There is a fundamental difference between something that constrains and something that determines. Confusing these things limits thinking in sometimes fatal ways.
The pot on the stove constrains its contents to a specific location, heat source, and methods of food preparation. It does not in any way determine what you will eat.
It you enter a cage with an 800 pound wild animal and the door locks behind you, the cage will constrain all of your subsequent movements in space and time. The animal will determine them.
I am sorry to say that I believe the primary hypothesis is invalid. Constraints do not, in reality, exist. Only the incorrect acceptance of them. A pot will only constrain its contents untill the pot boils over or someone tips it on its side or the pot breaks or… Being locked in a cage, with an 800 lb gorilla, is constraining only if you do not have the key or a friend on the outside or a device to spread the bars or …
In the real world it must be realized that ALL things affect All things at ALL times.
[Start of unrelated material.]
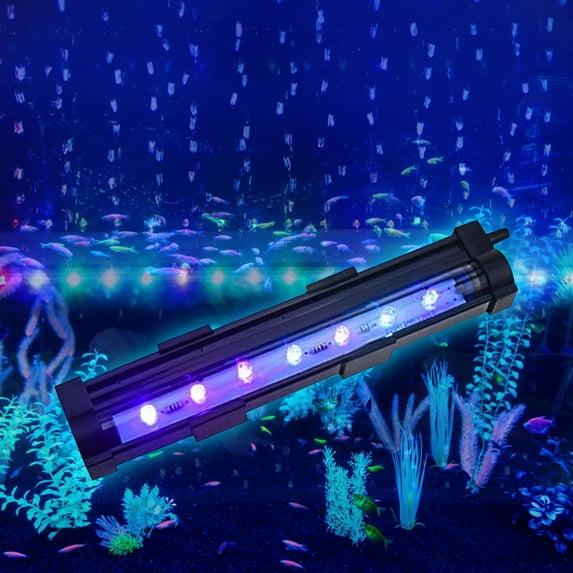 LED Aquarium Air Bubble Light, 1 Watt Aquarium Fish Tank Air Stone with Automatic Color Changing LED Light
Most alchoholics find it very difficult to quit. Why? Because when they are in the program they have controls and monitors to assist and direct them. But, once back in the real world, most find, those conrtols and monitors no longer exist. In the real world All things are once again affecting ALL things. And the environment they escaped, while in the program, returns. The constraints are removed, because, in the REAL world, there are no constraints, unless they are artificially created.
The trap we find in accepting contraints is not realizing they are of your own creation and accepting them as real and constant. When we do this we stop looking for the key to open the cage and escape the gorilla.
Remember, the ONLY constant is change.